## TASK STATEMENT
Of all the lines in the entries below, give again exactly those starting at the line containing "DANUBE HOME Angelika" and ending at the line containing "Floral Butterfly Monogram", both ends included, and no others.

## SOURCE INFORMATION
****************

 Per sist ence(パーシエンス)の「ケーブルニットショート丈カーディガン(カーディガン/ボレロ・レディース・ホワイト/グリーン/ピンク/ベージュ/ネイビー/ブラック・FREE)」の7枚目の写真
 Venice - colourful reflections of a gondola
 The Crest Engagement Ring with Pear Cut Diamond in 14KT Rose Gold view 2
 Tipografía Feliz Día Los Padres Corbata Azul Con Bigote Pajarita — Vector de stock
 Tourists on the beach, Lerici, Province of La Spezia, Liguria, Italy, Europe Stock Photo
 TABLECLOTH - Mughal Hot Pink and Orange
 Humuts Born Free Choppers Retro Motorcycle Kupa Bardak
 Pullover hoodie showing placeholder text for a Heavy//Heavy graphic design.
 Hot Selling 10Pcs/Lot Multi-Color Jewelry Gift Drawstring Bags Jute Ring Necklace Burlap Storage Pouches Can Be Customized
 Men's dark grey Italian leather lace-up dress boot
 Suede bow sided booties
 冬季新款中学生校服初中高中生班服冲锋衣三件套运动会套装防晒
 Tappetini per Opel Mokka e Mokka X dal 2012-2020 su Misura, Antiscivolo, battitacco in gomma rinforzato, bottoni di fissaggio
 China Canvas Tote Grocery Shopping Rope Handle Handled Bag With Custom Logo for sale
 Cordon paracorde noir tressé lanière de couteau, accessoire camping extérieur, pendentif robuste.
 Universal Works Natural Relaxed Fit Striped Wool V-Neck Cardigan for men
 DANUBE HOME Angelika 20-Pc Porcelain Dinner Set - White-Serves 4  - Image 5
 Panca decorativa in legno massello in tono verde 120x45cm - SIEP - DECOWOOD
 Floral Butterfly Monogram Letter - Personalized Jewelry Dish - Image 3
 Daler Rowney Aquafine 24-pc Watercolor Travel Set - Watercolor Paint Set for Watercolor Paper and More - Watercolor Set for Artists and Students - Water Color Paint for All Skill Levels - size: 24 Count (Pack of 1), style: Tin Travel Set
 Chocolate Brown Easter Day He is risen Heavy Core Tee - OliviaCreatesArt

****************

## RESPONSE FOR THIS EXERCISE
 DANUBE HOME Angelika 20-Pc Porcelain Dinner Set - White-Serves 4  - Image 5
 Panca decorativa in legno massello in tono verde 120x45cm - SIEP - DECOWOOD
 Floral Butterfly Monogram Letter - Personalized Jewelry Dish - Image 3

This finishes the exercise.